Dear list menbers,
I have the following problem:
I received a plain text file utf-8 encoded written on a Windows PC. I could open this file and I could edit this file perfectly. After my modifications I saved this as utf-8 with LF. OK.
Then I tried to import the content of that file in a database. This didn't work, because the database couldn't parse the first line. Then I opened that file in a HexEditor and I saw that the first line begins with EF BB BF. After looking at this I remembered that these bytes are the BOM (Byte Order Marker) for utf-8 and Windows PC's make often use of it to save utf-8 text files.
My problem is now that I couldn't find a way to save my text file as utf-8 without BOM.
I had to use jEdit for that, because in jEdit you can select the encoding utf-8 or utf-8y (meaning with BOM).
Is there any chance to implement this in TextMate? Or, may be better, that TextMate saves all utf-8 files without BOM, because I think this marker is irrelevant within utf-8. It only makes sense in utf-16/32.
All the best,
Hans
I have the following problem:
I received a plain text file utf-8 encoded written on a Windows PC. I could open this file and I could edit this file perfectly. After my modifications I saved this as utf-8 with LF. OK.
Then I tried to import the content of that file in a database. This didn't work, because the database couldn't parse the first line. Then I opened that file in a HexEditor and I saw that the first line begins with EF BB BF. After looking at this I remembered that these bytes are the BOM (Byte Order Marker) for utf-8 and Windows PC's make often use of it to save utf-8 text files.
My problem is now that I couldn't find a way to save my text file as utf-8 without BOM.
I had to use jEdit for that, because in jEdit you can select the encoding utf-8 or utf-8y (meaning with BOM).
Is there any chance to implement this in TextMate? Or, may be better, that TextMate saves all utf-8 files without BOM, because I think this marker is irrelevant within utf-8. It only makes sense in utf-16/32.
By myself, I found at least an option.
I open an UTF-8(BOM) file, select all, copy it, open a new document, paste it, and save it under UTF-8. After doing this my new document has no BOM at all.
But I don't know, if it would be too difficult to implement this within TextMate. I could image that some users doesn't know the issue of BOM.
Best,
Hans
On 28/9/2006, at 13:44, Hans-Joerg Bibiko wrote:
[...] But I don't know, if it would be too difficult to implement this within TextMate.

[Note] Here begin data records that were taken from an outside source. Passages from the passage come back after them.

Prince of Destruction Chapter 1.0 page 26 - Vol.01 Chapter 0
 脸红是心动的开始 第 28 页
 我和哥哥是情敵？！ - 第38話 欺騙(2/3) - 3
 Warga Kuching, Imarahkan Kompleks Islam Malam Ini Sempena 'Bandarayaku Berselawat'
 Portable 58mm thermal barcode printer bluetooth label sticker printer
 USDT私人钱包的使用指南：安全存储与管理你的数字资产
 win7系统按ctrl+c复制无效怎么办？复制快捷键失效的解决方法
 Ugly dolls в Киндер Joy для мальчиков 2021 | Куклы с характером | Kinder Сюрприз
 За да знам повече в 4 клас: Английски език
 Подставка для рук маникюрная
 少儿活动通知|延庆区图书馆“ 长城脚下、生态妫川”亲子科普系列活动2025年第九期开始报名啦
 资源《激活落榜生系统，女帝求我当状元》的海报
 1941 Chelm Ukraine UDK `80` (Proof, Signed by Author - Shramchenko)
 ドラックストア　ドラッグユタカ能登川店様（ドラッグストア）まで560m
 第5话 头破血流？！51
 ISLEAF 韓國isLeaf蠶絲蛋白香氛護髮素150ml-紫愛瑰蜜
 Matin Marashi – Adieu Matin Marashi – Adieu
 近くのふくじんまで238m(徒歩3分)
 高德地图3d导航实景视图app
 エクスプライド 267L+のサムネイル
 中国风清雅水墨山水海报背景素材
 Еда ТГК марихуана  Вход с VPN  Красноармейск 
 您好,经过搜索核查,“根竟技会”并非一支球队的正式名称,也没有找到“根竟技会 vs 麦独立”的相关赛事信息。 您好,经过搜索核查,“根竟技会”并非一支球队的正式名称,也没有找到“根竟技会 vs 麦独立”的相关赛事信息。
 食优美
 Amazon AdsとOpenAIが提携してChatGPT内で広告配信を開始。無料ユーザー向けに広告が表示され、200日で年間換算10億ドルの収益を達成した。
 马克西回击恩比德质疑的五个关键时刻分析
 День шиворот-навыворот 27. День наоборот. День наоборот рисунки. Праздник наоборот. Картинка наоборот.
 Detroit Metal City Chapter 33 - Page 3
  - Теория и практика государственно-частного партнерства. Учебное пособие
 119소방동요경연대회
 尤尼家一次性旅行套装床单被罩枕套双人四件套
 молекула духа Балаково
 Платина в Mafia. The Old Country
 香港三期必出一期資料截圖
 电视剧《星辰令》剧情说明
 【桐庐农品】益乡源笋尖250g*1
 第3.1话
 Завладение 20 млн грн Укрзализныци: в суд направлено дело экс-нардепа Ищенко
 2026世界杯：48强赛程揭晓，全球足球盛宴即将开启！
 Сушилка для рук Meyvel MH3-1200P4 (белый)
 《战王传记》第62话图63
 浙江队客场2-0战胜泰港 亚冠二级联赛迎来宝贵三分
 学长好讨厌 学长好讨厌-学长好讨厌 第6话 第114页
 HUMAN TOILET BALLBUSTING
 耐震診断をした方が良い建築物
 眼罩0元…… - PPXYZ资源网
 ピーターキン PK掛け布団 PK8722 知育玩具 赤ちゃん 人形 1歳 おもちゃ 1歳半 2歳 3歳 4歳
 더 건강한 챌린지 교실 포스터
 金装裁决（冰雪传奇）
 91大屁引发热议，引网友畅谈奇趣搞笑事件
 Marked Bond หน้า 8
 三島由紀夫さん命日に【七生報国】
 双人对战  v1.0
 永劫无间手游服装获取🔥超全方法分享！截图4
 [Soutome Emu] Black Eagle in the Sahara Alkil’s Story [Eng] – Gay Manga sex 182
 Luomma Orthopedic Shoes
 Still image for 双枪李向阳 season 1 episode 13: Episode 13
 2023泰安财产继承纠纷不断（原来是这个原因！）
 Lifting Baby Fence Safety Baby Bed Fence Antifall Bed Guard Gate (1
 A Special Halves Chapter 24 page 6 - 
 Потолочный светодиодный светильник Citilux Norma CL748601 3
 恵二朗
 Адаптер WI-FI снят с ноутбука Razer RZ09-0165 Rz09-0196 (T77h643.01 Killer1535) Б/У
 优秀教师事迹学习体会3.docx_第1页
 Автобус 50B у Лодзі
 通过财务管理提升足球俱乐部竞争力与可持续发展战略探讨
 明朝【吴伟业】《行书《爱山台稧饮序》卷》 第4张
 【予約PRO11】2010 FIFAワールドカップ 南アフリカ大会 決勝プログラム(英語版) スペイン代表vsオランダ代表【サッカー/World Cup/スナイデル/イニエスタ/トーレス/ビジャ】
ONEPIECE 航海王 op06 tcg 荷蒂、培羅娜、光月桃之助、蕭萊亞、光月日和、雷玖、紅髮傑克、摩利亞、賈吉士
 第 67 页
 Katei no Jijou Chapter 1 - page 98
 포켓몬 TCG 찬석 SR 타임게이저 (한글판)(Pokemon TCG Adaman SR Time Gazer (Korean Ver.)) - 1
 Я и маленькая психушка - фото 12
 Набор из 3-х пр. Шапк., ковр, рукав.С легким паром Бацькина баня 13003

I could image that some users doesn't know the issue of BOM.
I do indeed think that a BOM in UTF-8 files is misguided at best [1] (which is why you can’t enable it in TM).
The reason TM will preserve it is only that some users actually do rely on them [2] -- so to preserve it seemed like the best compromise between not wanting to endorse them or even acknowledge that BOMs have a valid role in UTF-8 files, but at the same time not screw up files where the user went out of his way to place a BOM there.
Though I realize there is a problem for users who get their hands on BOM infested files and want an easy way to cleanse them. I am leaning toward bringing up a “warning” when encountering UTF-8 files with a BOM, which would then allow the user to select to get rid of it.
[1] UTF-8 exists so that files can use unicode but still be backwards compatible, a BOM does destroy some of this backward compatibility, e.g. the shell won’t pickup the shebang line of a script if it has a BOM, and e.g. grep’ing through multiple files with BOMs will produce “bad” output if something on the first line of one of the files is matched.
[2] The users who I have spoken with which rely on them do so only because they do not send the proper encoding in the http headers and then assume that the user agent will still treat the received file as UTF-8 on the sight of the BOM.